### Exercise instructions
For the entries below, return every line from the top through the line with "bedroom featuring lofted" exactly as it stands, omitting pictures.

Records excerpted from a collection
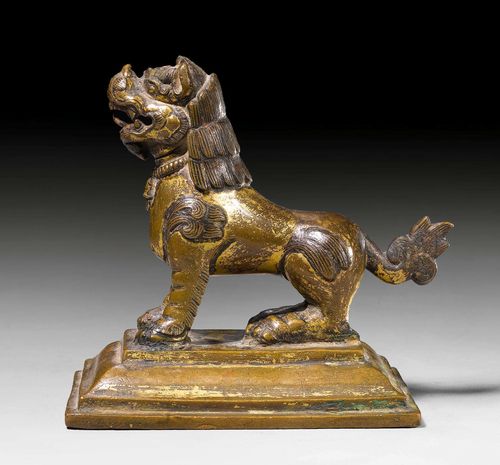 A FINE GILT COPPER LION. Nepal, ca. 16th c. Height 11 cm.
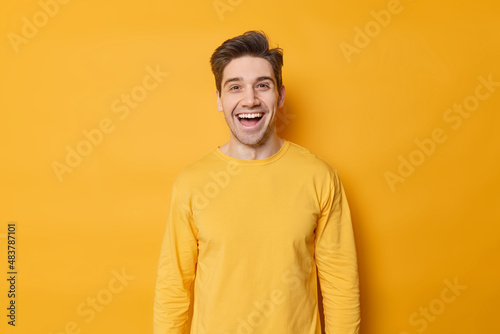 Horizontal shot of happy young European man laughs joyfully expresses positive emotions dressed in casual jumper isolated over vivid yellow background. Monochrome shot. Positive guy indoors.
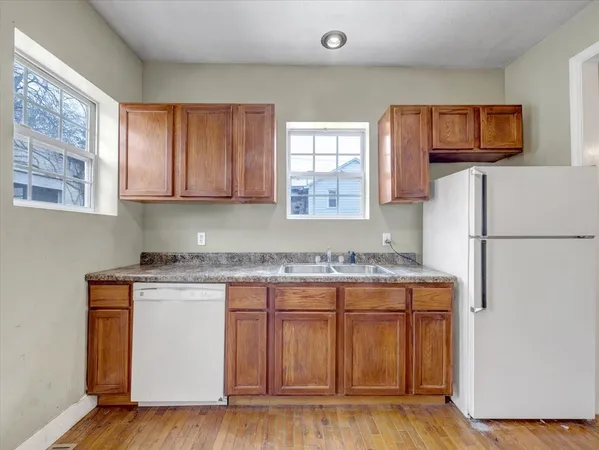 a kitchen with a refrigerator and a stove top oven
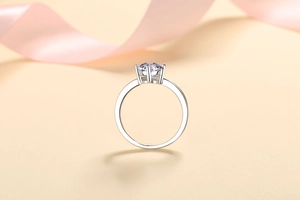 Detail of a minimalist S925 silver ring featuring a six-prong round purple moissanite stone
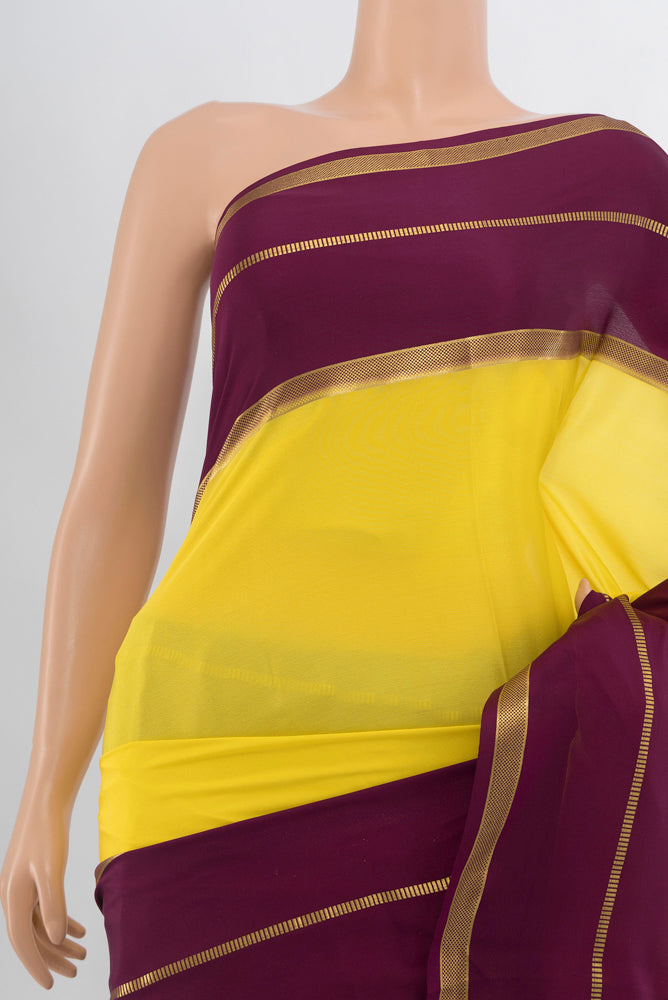 Border image of Lemon Yellow Mysore Crepe Saree with Plain Body and Silk Border. 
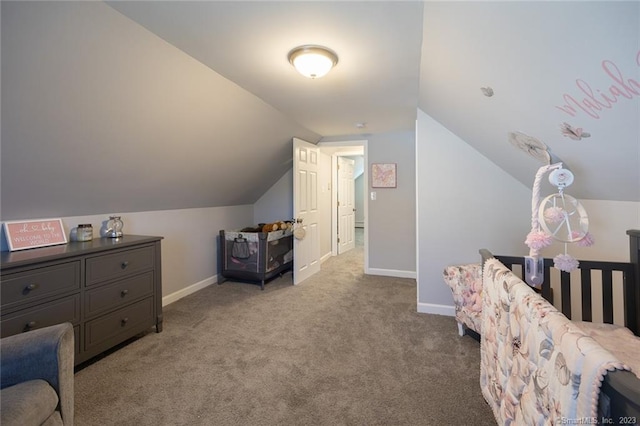 bedroom featuring lofted ceiling, baseboards, and carpet flooring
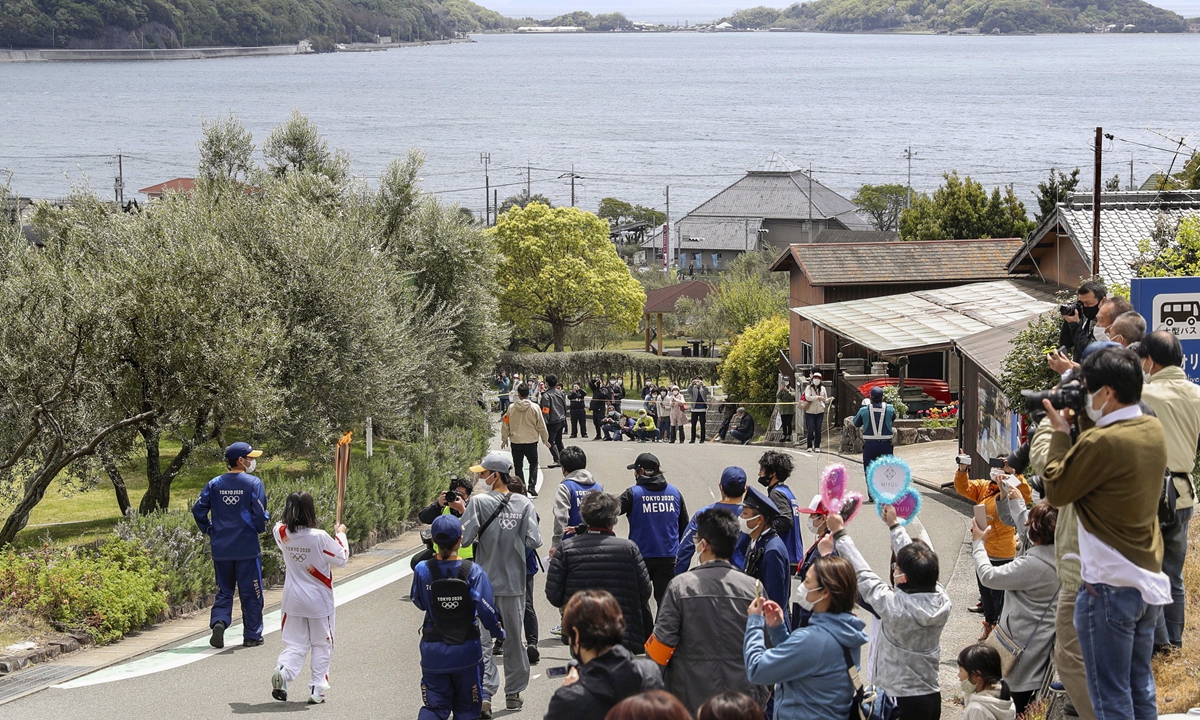 A Tokyo Olympic torch relay participant runs in Shodoshima Island in Kagawa Prefecture, western Japan, on April 18, 2021. Photo: VCG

### Answer for the task
 A FINE GILT COPPER LION. Nepal, ca. 16th c. Height 11 cm.
 Horizontal shot of happy young European man laughs joyfully expresses positive emotions dressed in casual jumper isolated over vivid yellow background. Monochrome shot. Positive guy indoors.
 a kitchen with a refrigerator and a stove top oven
 Detail of a minimalist S925 silver ring featuring a six-prong round purple moissanite stone
 Border image of Lemon Yellow Mysore Crepe Saree with Plain Body and Silk Border. 
 bedroom featuring lofted ceiling, baseboards, and carpet flooring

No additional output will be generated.